The DB is the right layer from a interface point of view -- because that's where the data properties should be defined. We also use the DB for bookkeeping what needs to be done because we can leverage transactions and triggers to make sure we never miss any data. From an implementation point of view, the actual embedding does happen outside the database in a python worker or cloud functions.
Merging the embeddings and the original data into a single view allows the full feature set of SQL rather than being constrained by a REST API.
Its like sqlite for vector embeddings, and you can store metadata (the primary data, foreign keys, etc) along with the vectors, preserving the relationship.

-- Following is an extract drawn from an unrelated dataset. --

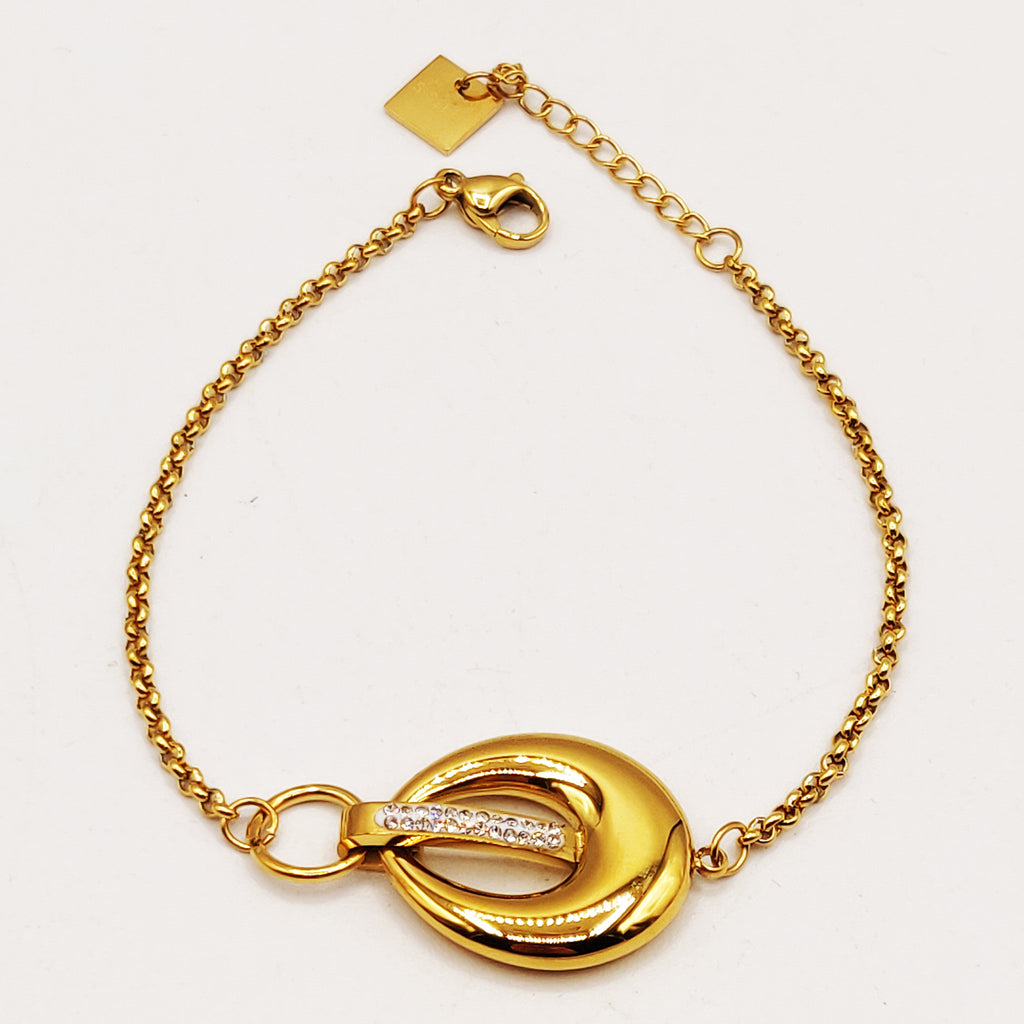 Bracelet Maillons Goutte Barre Cristaux Luxe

Not sure if the metadata is indexxed but at least iirc it's more or less trivial to update the embeddings when your data changes (tho i haven't used it in a while so not sure).
However, FAISS is not a database. It can store metadata alongside vectors, but it doesn't have things you'd want in your app db like ACID compliance, non-vector indexing, and proper backup/recovery mechanisms. You're basically giving up all the DBMS capabilities.
For new RAG and search apps, many teams prefer just using a single app db with vector search capabilities included (Postgres, Mongo, MySQL etc) vs managing an app db and a separate vector db.
Taking raw embeddings and then storing them into vector databases, would be like if you took raw n-grams of your text and put them into a database for search.
Storing documents makes much more sense.
Idk how well it scales though, it's just doing it's job on my hobby project scale
For my few 100'000s embeddings I must say the performance was satisfactory.
With the exception of Pinecone: Chroma, Qdrant, Weaviate, Elastic, Mongo, and many others store the chunk/document alongside the embedding.
This is intentional misinformation.
You are correct in saying that that you can store embeddings and source data together in many vectordbs. We actually point this out in the post. The main point is that they are not linked but merely stored alongside each other. If one changes, the other one does not automatically change, making the relationship between the two stale.
The idea behind Pgai Vectorizer is that it actually links embeddings with underlying source data so that changes in source data are automatically reflected in embeddings. This is a better abstraction and it removes the burden of the engineer to ensure embeddings are in sync as their data changes.
...when you actually do want to think about it (in 2024).
Right now, we're collectively still figuring out:
We agree a lot of stuff still needs to be figured out. Which is why we made vectorizer very configurable. You can configure chunking strategies, formatting (which is a way to add context back into chunks). You can mix semantic and lexical search on the results. That handles your 1,2,3. Versioning can mean a different version of the data (in which case the versioning info lives with the source data) OR a different embedding config, which we also support[1].
Admittedly, right now we have predefined chunking strategies. But we plan to add custom-code options very soon.
Our broader point is that the things you highlight above are the right things to worry about, not the data workflow ops and babysitting your lambda jobs. That's what we want to handle for you.
[1]: https://www.timescale.com/blog/which-rag-chunking-and-format...
And now we shift ever more slightly back towards logic in the DB. I for one am thrilled; there’s no reason other than unfamiliarity to not let RDBMS perform functions it’s designed to do. As long as these offloads are documented in code, embrace not needing to handle it in your app.